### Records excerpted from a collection
• • • • •

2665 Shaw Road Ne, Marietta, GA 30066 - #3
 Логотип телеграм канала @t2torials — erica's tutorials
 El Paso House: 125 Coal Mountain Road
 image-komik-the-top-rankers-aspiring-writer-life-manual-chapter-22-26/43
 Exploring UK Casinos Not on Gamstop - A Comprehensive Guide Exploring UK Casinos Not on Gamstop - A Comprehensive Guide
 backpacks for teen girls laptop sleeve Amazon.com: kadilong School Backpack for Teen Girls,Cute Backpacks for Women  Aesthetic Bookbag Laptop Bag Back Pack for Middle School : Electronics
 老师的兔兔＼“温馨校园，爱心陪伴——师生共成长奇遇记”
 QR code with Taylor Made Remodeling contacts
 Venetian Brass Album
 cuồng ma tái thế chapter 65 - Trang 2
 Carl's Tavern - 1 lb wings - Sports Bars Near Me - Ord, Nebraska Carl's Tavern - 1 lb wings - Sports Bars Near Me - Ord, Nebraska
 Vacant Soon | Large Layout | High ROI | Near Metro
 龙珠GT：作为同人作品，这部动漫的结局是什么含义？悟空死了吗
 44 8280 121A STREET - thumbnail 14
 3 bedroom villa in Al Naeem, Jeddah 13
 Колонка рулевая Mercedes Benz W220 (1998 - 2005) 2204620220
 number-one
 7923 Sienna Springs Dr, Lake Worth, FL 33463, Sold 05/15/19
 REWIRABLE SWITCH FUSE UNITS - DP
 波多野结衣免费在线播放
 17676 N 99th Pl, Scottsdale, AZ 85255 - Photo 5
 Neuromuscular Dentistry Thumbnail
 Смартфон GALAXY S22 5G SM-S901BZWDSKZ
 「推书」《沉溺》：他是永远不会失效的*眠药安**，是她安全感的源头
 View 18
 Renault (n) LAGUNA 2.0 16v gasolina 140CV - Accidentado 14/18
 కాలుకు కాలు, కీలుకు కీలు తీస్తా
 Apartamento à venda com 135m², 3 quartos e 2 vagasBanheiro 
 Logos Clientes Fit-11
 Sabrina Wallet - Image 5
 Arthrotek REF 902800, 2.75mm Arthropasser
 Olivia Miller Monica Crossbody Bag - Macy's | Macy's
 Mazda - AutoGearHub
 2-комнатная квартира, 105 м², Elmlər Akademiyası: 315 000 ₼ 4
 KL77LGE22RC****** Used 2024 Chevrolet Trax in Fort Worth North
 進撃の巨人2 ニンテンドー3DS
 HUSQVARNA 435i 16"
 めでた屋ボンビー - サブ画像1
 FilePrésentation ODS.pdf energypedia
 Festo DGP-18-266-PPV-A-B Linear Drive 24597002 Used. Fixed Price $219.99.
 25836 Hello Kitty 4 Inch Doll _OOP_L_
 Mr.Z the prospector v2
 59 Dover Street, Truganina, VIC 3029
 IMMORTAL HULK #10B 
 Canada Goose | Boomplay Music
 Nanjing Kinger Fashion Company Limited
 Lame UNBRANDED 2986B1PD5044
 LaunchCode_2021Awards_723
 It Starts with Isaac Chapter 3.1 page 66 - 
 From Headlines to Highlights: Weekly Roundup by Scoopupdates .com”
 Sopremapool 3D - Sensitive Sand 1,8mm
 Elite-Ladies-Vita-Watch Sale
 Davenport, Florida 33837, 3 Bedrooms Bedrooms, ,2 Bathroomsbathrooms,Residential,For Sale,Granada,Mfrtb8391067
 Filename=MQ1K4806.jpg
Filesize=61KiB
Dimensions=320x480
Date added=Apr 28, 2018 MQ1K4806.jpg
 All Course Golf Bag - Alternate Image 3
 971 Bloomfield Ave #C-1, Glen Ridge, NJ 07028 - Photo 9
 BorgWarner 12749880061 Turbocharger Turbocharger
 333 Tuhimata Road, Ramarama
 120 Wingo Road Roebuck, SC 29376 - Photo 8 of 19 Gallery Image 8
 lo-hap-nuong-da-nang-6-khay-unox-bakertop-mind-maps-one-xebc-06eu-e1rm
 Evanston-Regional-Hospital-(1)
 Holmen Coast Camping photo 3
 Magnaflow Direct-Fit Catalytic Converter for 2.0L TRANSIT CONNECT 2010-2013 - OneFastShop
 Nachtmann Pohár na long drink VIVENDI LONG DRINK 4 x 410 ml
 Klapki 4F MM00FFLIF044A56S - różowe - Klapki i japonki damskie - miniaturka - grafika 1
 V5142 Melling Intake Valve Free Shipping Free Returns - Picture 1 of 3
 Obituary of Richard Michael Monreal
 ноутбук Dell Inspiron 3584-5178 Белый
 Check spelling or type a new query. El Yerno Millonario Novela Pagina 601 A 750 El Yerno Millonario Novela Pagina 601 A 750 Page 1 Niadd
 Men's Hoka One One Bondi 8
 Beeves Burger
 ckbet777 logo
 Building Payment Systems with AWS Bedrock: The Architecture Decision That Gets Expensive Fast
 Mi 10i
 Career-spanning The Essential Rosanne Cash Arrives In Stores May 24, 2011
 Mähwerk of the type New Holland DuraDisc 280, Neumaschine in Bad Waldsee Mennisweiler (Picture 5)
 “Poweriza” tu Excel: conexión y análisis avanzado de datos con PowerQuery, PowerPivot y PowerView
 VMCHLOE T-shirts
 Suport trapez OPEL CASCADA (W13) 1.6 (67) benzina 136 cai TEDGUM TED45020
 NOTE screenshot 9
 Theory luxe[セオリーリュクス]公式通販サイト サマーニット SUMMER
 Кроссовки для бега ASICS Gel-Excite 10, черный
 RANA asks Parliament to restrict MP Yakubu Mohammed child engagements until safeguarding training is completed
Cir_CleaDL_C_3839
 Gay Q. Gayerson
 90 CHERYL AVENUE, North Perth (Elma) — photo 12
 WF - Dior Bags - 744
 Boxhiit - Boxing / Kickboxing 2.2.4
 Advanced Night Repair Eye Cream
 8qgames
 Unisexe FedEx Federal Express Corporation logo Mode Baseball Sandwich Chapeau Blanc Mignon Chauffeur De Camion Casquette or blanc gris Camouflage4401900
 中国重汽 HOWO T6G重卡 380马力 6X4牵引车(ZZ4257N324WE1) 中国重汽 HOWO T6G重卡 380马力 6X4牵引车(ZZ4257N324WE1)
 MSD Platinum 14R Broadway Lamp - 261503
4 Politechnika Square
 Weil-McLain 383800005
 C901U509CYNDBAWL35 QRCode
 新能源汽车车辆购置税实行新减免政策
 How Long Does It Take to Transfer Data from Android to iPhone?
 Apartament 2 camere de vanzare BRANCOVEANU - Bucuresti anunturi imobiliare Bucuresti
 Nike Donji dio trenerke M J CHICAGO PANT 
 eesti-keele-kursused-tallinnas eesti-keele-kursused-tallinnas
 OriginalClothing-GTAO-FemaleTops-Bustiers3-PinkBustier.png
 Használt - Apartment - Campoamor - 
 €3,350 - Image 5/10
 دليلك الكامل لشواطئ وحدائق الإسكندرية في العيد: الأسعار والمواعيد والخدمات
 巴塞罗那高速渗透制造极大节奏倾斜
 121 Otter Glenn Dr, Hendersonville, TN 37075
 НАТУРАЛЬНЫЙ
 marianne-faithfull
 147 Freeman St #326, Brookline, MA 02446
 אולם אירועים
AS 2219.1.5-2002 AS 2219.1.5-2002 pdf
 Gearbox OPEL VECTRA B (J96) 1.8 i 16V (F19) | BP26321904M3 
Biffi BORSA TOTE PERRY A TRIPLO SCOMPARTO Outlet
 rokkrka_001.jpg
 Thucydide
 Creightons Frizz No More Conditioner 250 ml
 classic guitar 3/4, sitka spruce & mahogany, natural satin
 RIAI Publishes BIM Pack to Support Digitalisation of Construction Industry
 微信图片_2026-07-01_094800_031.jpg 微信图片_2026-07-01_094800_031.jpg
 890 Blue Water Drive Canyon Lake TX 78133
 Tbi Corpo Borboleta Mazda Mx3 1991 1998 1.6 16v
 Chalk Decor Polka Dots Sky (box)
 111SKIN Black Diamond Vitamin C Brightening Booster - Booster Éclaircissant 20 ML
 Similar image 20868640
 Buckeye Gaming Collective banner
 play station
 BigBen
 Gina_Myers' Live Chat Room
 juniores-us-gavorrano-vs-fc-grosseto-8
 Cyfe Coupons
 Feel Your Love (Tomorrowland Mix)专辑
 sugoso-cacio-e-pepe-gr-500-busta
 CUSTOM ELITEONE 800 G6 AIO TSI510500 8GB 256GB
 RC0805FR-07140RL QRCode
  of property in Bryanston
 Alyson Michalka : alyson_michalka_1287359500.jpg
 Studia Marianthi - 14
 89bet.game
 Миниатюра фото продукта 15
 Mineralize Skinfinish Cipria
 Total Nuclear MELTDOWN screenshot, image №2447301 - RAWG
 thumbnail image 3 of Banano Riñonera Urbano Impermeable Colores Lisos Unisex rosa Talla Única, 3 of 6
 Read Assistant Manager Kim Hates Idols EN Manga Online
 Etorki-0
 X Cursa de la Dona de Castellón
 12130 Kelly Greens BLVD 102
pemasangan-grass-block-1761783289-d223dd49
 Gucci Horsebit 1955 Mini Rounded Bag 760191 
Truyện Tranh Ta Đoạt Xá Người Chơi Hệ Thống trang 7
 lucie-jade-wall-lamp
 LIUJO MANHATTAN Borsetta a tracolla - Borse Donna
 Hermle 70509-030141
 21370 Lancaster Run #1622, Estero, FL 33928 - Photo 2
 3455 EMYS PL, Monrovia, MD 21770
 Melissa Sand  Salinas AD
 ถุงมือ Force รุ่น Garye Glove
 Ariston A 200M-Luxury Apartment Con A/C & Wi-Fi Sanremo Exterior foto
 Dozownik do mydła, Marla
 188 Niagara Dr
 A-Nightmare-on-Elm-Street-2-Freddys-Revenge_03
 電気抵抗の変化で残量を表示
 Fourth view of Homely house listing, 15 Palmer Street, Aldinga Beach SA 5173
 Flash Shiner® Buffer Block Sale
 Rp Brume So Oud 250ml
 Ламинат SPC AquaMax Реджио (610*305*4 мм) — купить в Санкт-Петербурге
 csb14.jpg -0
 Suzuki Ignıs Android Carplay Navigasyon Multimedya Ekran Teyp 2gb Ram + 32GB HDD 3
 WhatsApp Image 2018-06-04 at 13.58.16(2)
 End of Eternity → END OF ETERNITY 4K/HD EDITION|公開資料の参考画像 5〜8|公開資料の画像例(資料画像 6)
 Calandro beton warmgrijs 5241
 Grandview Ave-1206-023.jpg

• • • • •

### Assigned task
Using the entries above, return each line in which the word "QRCode" occurs.

### Solution for this task
 C901U509CYNDBAWL35 QRCode
 RC0805FR-07140RL QRCode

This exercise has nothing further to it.